Cuando abrazas a la muerte, el regusto que te queda en
los labios es un sabor agridulce, pero, cuando eres el espectador de su llegada
como tercera persona, tu boca se torna seca, y tus ojos llorosos, ante la
impotencia de no poder hacer nada para evitarlo.
El sentir como una persona se va apagando, como una
gota que poco a poco va llenando un vaso a punto de rebosar, es agonizante. Los
andares tambaleantes de una canina que desfila como puede entre los últimos
recovecos de su camino, simboliza muy bien nuestra dejadez del mundo hacia un
destino incierto. No me centraré en cuestiones como ir al más allá, la
reencarnación, o cualquier corriente de pensamiento hacia aquello que no
comprendemos, y que tanto miedo nos da de explorar, sino, en el sentimiento que
me concierne como persona, al ver como toda una vida se va poco a poco
desmoronando en migajas de lo que una vez fue.

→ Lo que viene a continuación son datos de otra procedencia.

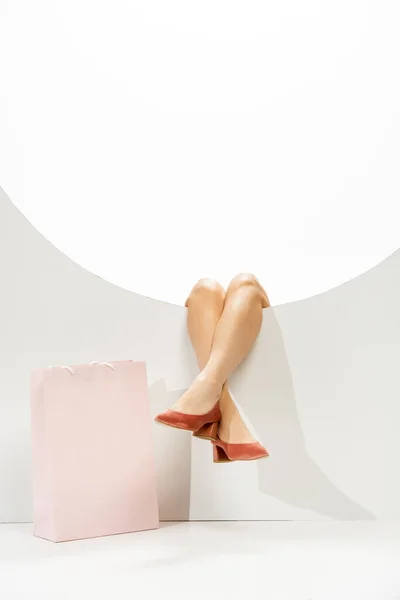 Cropped view of female legs in coral shoes in round hole near shopping bag on white background — Stock Photo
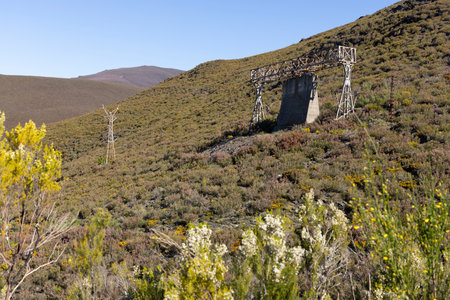 Abandoned steel structure with towers from industrial coal mining cableway in mountains of Asturias Spain in Tormaleo on a sunny spring day with flowersの写真素材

Mi día a día transcurre fregando los mismos platos,
vasos y tenedores de mis abuelos. Siempre, empiezo dándole de comer a mi
abuela, y después, le preparo la comida a mi abuelo. Le gusta la comida muy
caliente, aunque ya nada le sabe a algo. Todo lo que come, sabe a podrido, a
maloliente, a pasado de tiempo.
Incluso si le pusiera la mejor comida del mejor buffet
de cocina, le sabría a cenizas, porque ya ni tragarlo podría hacerlo. Todo
aquello ostentoso, acaba siendo secundario cuando tus ojos ya no pueden
apreciarlo.
Nuestro cuerpo es una casa que se va asentando a lo
largo de nuestra vida. Los pilares de las mismas, la construimos desde que
empezamos a entender qué estamos percibiendo, cómo andamos, qué pensamos… son
nuestros ideales, nuestro respeto personal, nuestra puesta en escena ante
decisiones difíciles que determinan quienes seguiremos siendo después de
tomarlas. Las casas, tienen sus ventanas, por las que entra todo tipo de luces
de colores... su sala está decorada con pequeños cuadros, de las memorias de
aquellos que dejamos entrar en ella. No es una casa perfecta, ni ideal, tiene
fallos, grietas, incluso a veces, puede derrumbarse porque sus pilares no están
bien consolidados. Hay todo tipo de casa, desde las más acogedoras, a las más
frías, y su estampa, suele ser variopinta.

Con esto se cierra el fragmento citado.